The relationship between cotton canopy temperature and yield, fiber quality and water-use efficiency.

Authors: CONATY, WARREN - Commonwealth Scientific And Industrial Research Organisation (CSIRO); Mahan, James; NEILSEN, JAMES - Monsanto Corporation; TAN, DANIEL - University Of Sydney; YEATES, STEPHEN - Commonwealth Scientific And Industrial Research Organisation (CSIRO); SUTTON, BRUCE - University Of Sydney

Submitted to: Irrigation Science
Publication Type: Peer Reviewed Journal
Publication Acceptance Date: 1/14/2014
Publication Date: N/A
Citation: N/A

Interpretive Summary: A combination of increased demand for and decreased supplies of agricultural water are creating a need for improved methods for managing irrigation worldwide. In this study the temperature of cotton plants, in the field, was measured near-continuously over growing seasons. The results show that cotton yield was highest when plant temperatures were within a range from 25°C to 28°C (77°F to 82°F). Reduced irrigation resulted in elevated temperatures, reduced yield and lower fiber quality. Plant temperature provides a tool for irrigation management that can be used to balance water use and yield and quality. Breeders may use this information to identify varieties that are better suited to reduced irrigation.

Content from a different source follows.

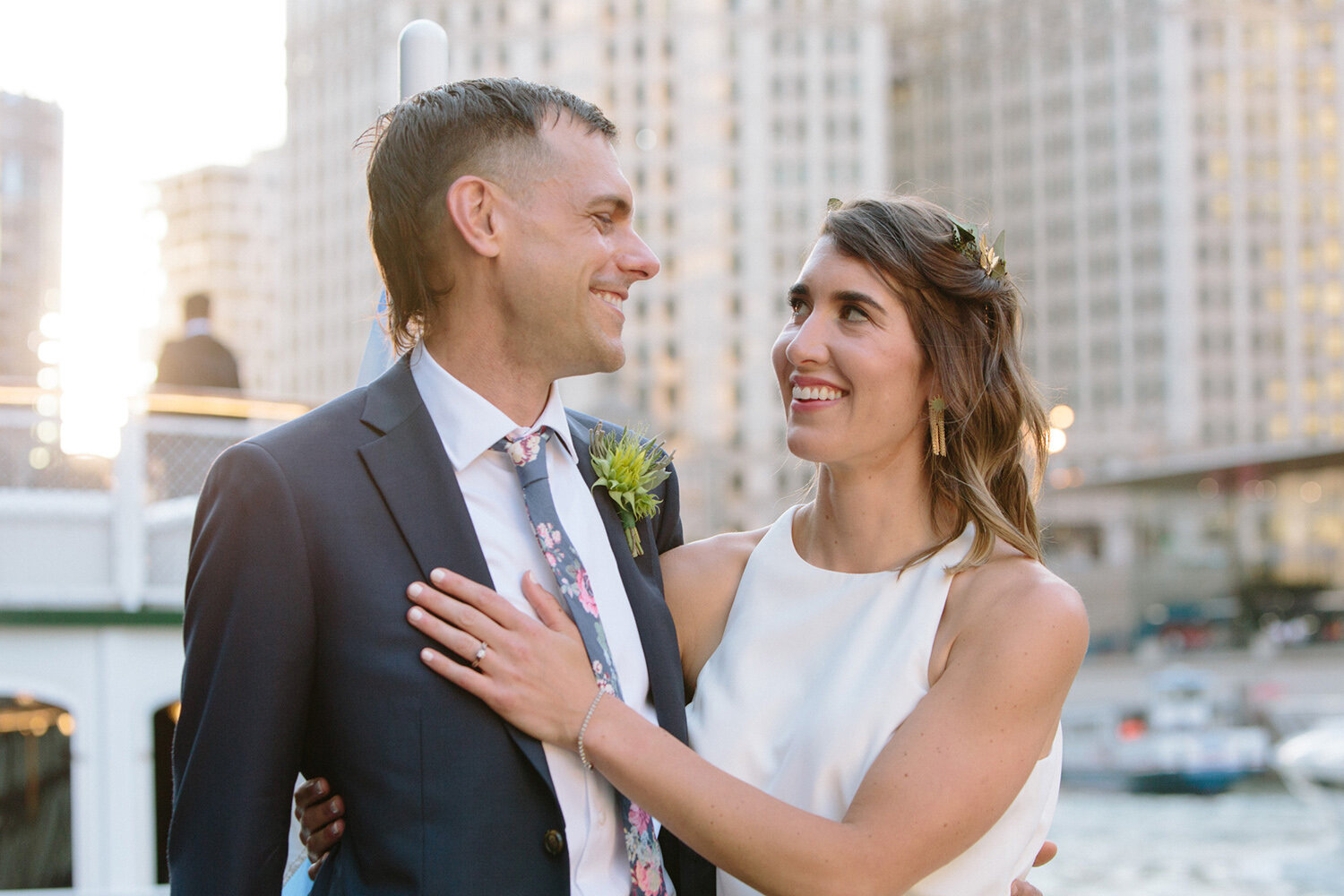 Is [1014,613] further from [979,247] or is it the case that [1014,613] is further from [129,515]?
[129,515]

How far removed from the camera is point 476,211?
2.92 m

Technical Abstract: Crop canopy temperature (Tc) is associated with transpiration and Tc has been used in crop water stress detection. This study investigates the effect of surface drip and furrow irrigation regimes on cotton Tc. It outlines the relationship between Tc and lint yield, fiber quality and total water-use efficiency (WUEtotal, kg ha-1mm-1 total applied water) in a high input, high yielding (>1800 kg ha-1) cotton system. Canopy temperature between flowering to crop maturity was monitored in both drip and furrow irrigation field experiments. Yield reductions occurred when Tc exceeded 28°C. Reductions in fiber length outside the ideal range (>28.6 mm)occurred when Tc exceeded 31°C, while desirable micronaire (3.8 to 4.5)was observed at Tc between 25 and 32°C. Desirable fiber quality and peak lint yield can be realized if an irrigation scheduling protocol maintains average canopy temperatures below 28°C. However, maximum WUEtotal was observed at a higher average Tc (30°C) than peak lint yield (28°C), which would correspond to a predicted 23% reduction in lint yield from the peak (3030 kg ha-1). Therefore, the trade-off between peak yield and WUEtotal needs to be considered in conjunction with irrigation water costs and availability when scheduling irrigations based on canopy temperature.